Finding Peace in a Sea Full of Oil
I am a designer - my life is spent taking pieces of information and weaving them together in meaningful ways using words, shapes, colours, and hierarchy to communicate a message in one coherent design. I work in graphic design, and recently I’ve been using my creative problem solving skills and æsthetic sensitivity in web design. When I see a website online that I haven’t personally designed, I recognize the work of another designer.
The higher the order of design I find, the more skilled I imagine the designer to be; although code and images can be created by machine and entire websites can be created without the blessing of a designer, I can understand an aspect of the designer by seeing and experiencing the whole design. When I look around me in nature I see a high order of design, when I look up at the sky and see a vast clockwork beyond my comprehension playing out in the cosmos, I see the work of the greatest designer. I can’t ascribe the beauty I see in the world around me to simple chance or random iterative processes or I’m selling myself short by believing that the work I do as a designer has no purpose that couldn’t be achieved without my skills, talents, and training.
Lately the news has been filled with a catastrophic oil spill in the atlantic ocean - causing change to the ecosystem there and bringing death and destruction to the plants and animals that live there. Much of the area affected by this oil spill will be altered for a long period of time, if not permanently, but I have a hard time believing that this change won’t provide a way for an entirely new ecosystem to blossom with life in a way that we have never seen before.
When I look at pictures of the oil floating on the water I see colours, patterns, and terrifying beauty. I see how nature has significant power to cause destruction and how little control we humans have over our world. I think of the eruption in Iceland recently that caused such a transformational shift to the ecosystem there and across Europe, that we had no power to stop from happening. It’s natural for us humans to be afraid of this sort of power because we recognize our place as a part of the natural world and such potent displays of power have the means to alter our lives as well.
I imagine that the reaction most humans have to the oil spill is despair and self-loathing as a species because we’re too short-sighted to see how this can bring new life, and how the situation can be redeemed. Naturally we’re afraid of such permanent change when we don’t hold the answers. But isn’t that the point? What if this oil spill, as powerful as it is, is simply a blotch of ink we don’t yet understand that plays an integral role in an artistic masterpiece we have yet to understand in our lives and the story of the cosmos as it unfolds?
When I look at this oil spill I see beauty amidst the destruction, and to focus in on one aspect of the big picture is to miss the message itself - this world, this universe stands alone as one entire piece designed by the greatest designer alive. To look at a spill of oil out of context brings only despair - but in the grand scheme of existence there is beauty to be found.

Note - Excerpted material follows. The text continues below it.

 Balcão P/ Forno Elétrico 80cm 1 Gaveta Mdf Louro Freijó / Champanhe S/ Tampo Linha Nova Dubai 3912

I hope that every person looking at pictures of the spill can find the beauty in them, and transform that anger and despair into awe and peace. Do I wish the oil spill had never happened and those ecosystems affected by the spill had never been affected? It’s bittersweet, but if this had never happened then me and everybody else would have been robbed of a chance to find beauty in even the most catastrophic of circumstances - and while I know I’m not in control - instead of trying to change the situation or wish it had never happened I think it’s my job to learn to accept the change, and to keep sifting through that murky water for peace.